[Source records]

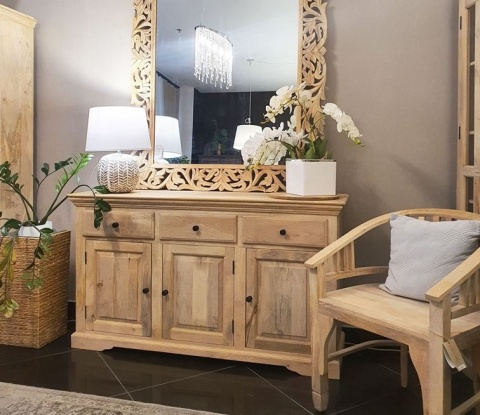 Meble kolonialne jasna komoda drewniana z Indii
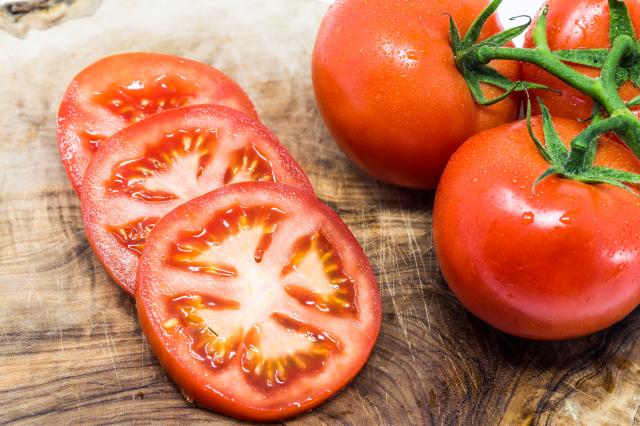 Dites adieu aux tomates insipides : voici comment en augmenter facilement la saveur !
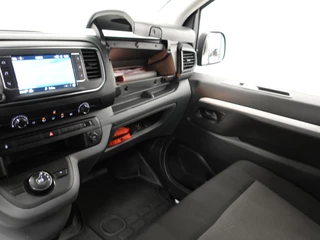 Opel Vivaro Opel Vivaro 145pk Automaat L3H1 Dubbele cabine 6-zits Navigatie Camera Trekhaak Apple carplay Parkeersensoren Cruise control - afbeelding nr 20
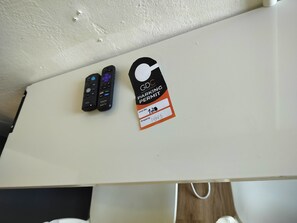 Miscellaneous - Cozy 1-bedroom studio in awesome Hollywood with AC 120 (Hollywood)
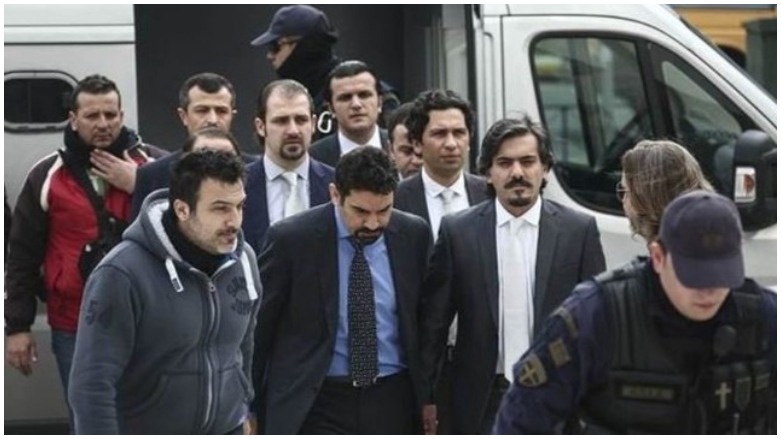 Tirkiye daxwaza radestkirina 8 leşkeran ji Yunanistanê dike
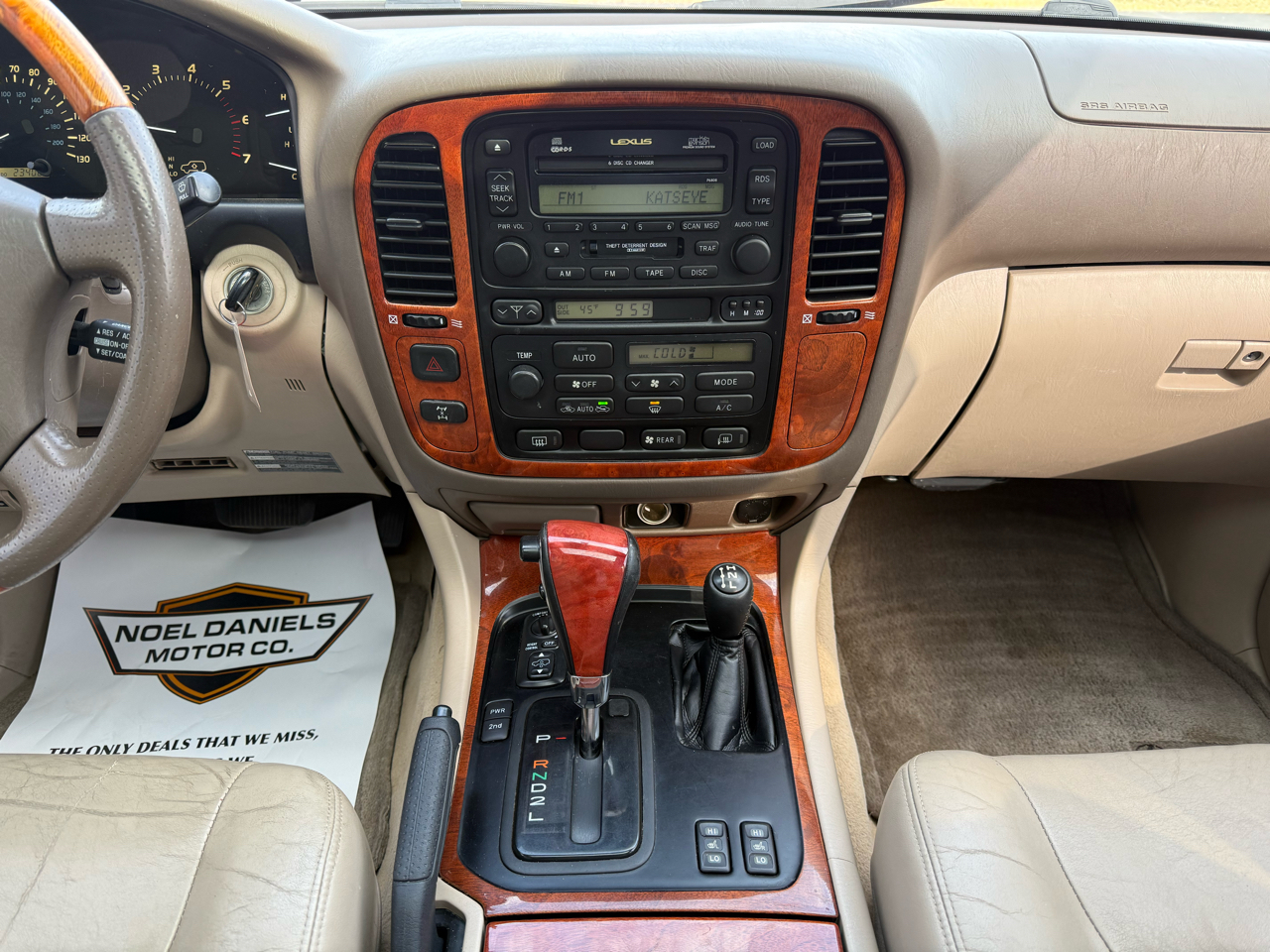 Lexus LX 470 Base 2001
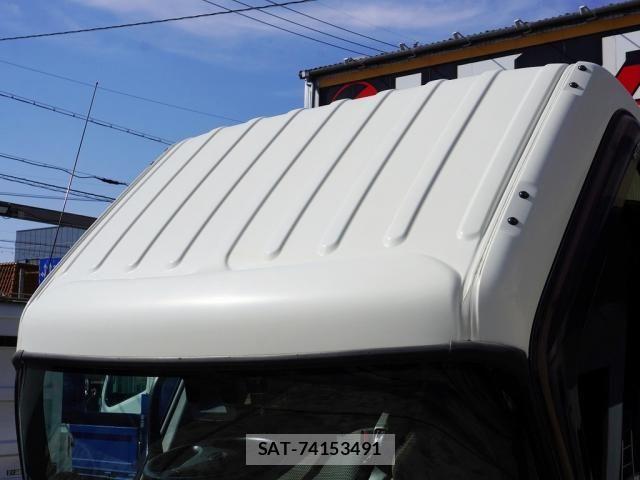 Hino DUTRO 2018-10 7217758-14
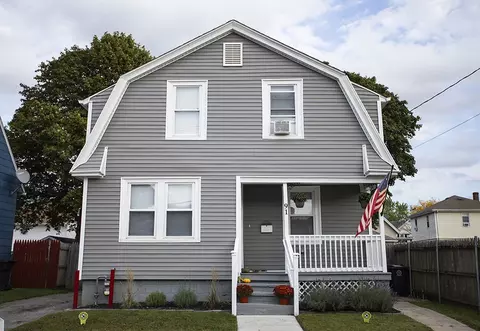 91 Ivy St, East Providence, RI 02914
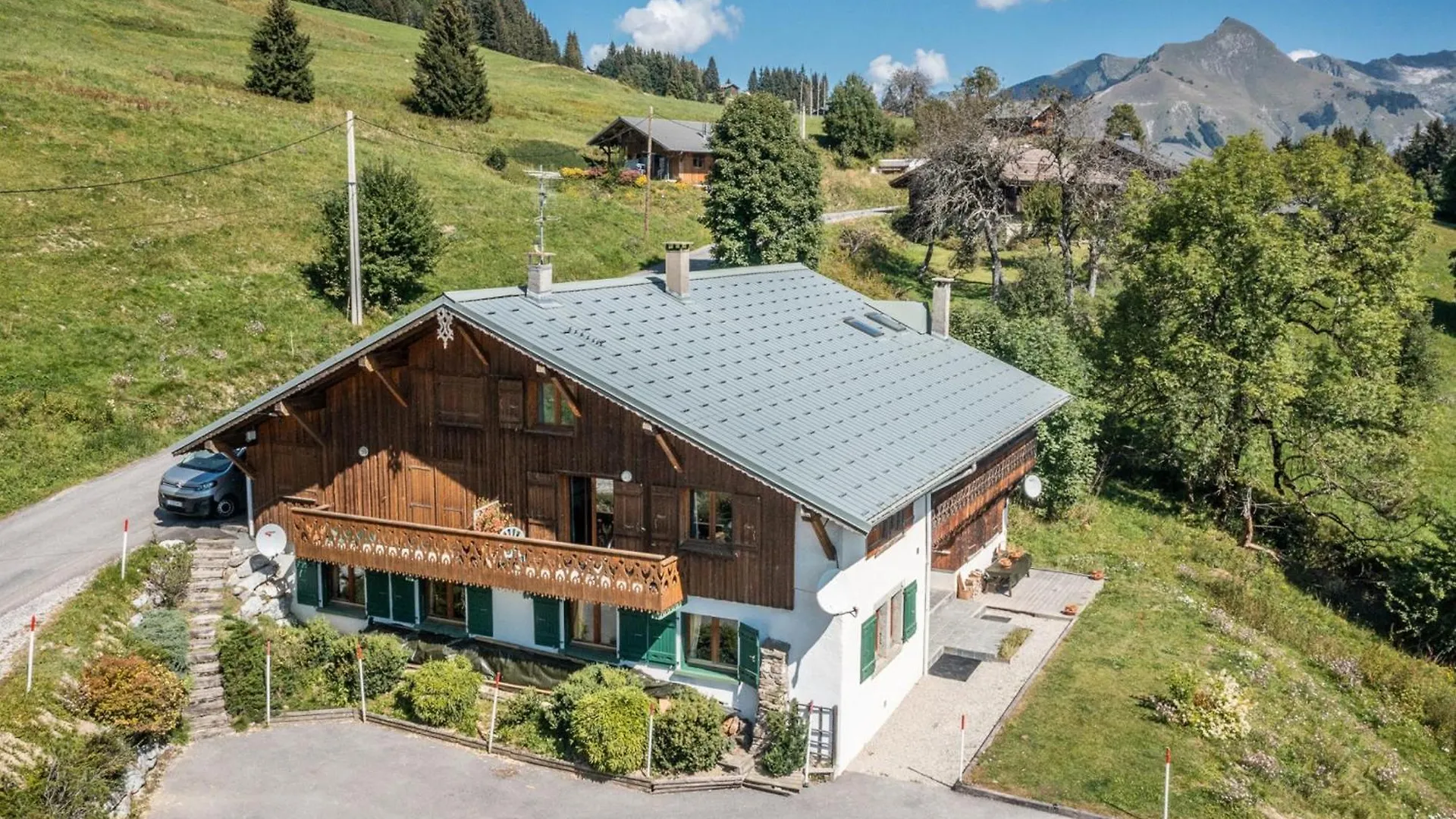 Spacieuse Ferme 6 Chambres Aux Gets, 17 Pers, 4 Sdb, Balcon, Wi-Fi, Parking Prive, Navette Hiver - Fr-1-671-118 레게츠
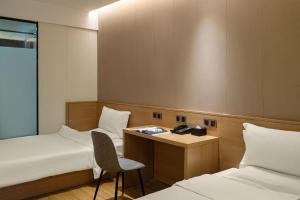Locals Hotels Guangzhou Sports Center Linhe West Subway Station Branch客房内的一张或多张床位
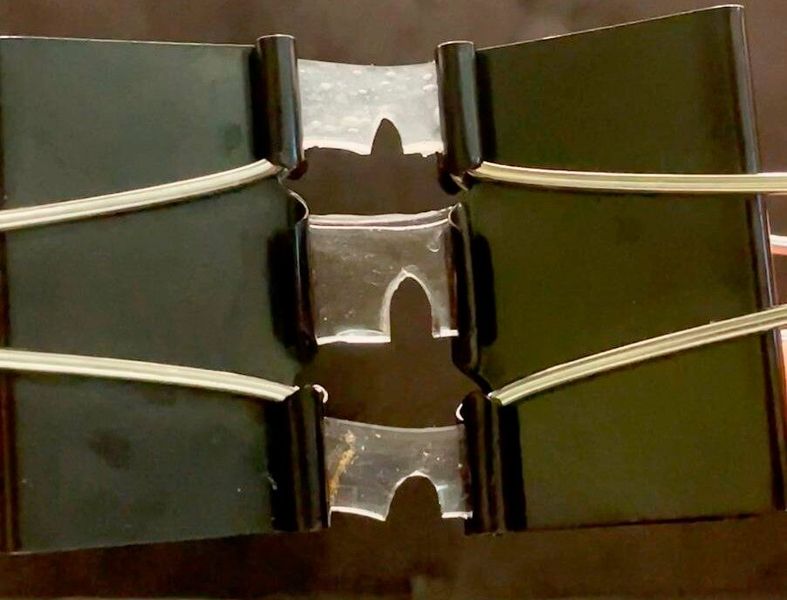 DNGE-Kunststoffe reißen auch ganz anders als übliche Elastomere. Der Weg, den ein Riss nimmt, ist dabei verwunden und damit länger, was die Langlebigkeit von Bauteilen daraus erklärt. (Bild: EPFL CC BY SA)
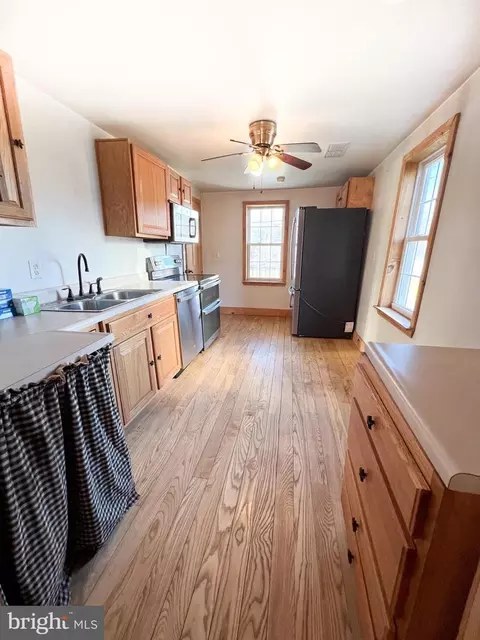 5006 Back Maitland Rd, Mcclure, PA 17841 photo 9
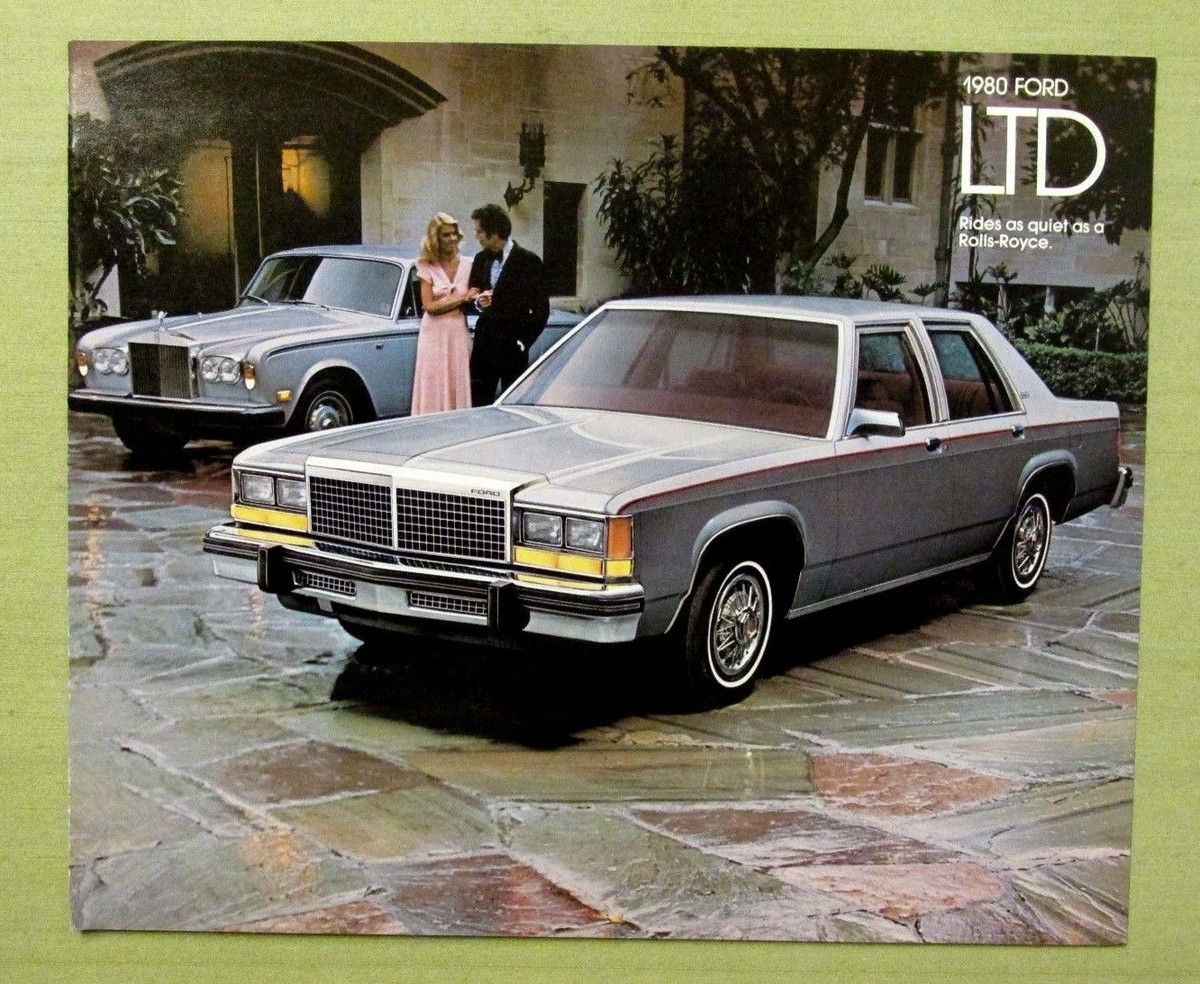 1980 ORIGINAL FORD LTD BROCHURE Crown Victoria Wagons Camping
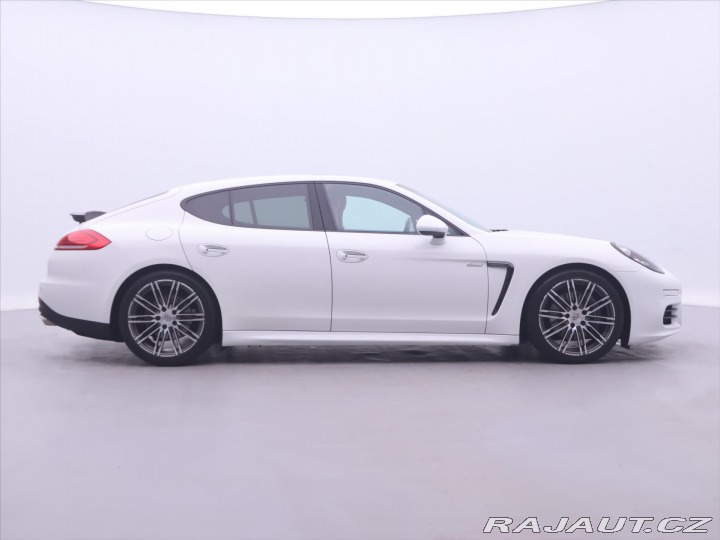 Porsche Panamera 3,0 V6 221kW Turbodiesel 2015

## WHAT THE TASK REQUIRES
Starting at the line that contains "1980 ORIGINAL FORD", reproduce exactly and only the lines through the end of the entries above, with the pictures excluded.

## EXPECTED ANSWER
 1980 ORIGINAL FORD LTD BROCHURE Crown Victoria Wagons Camping
 Porsche Panamera 3,0 V6 221kW Turbodiesel 2015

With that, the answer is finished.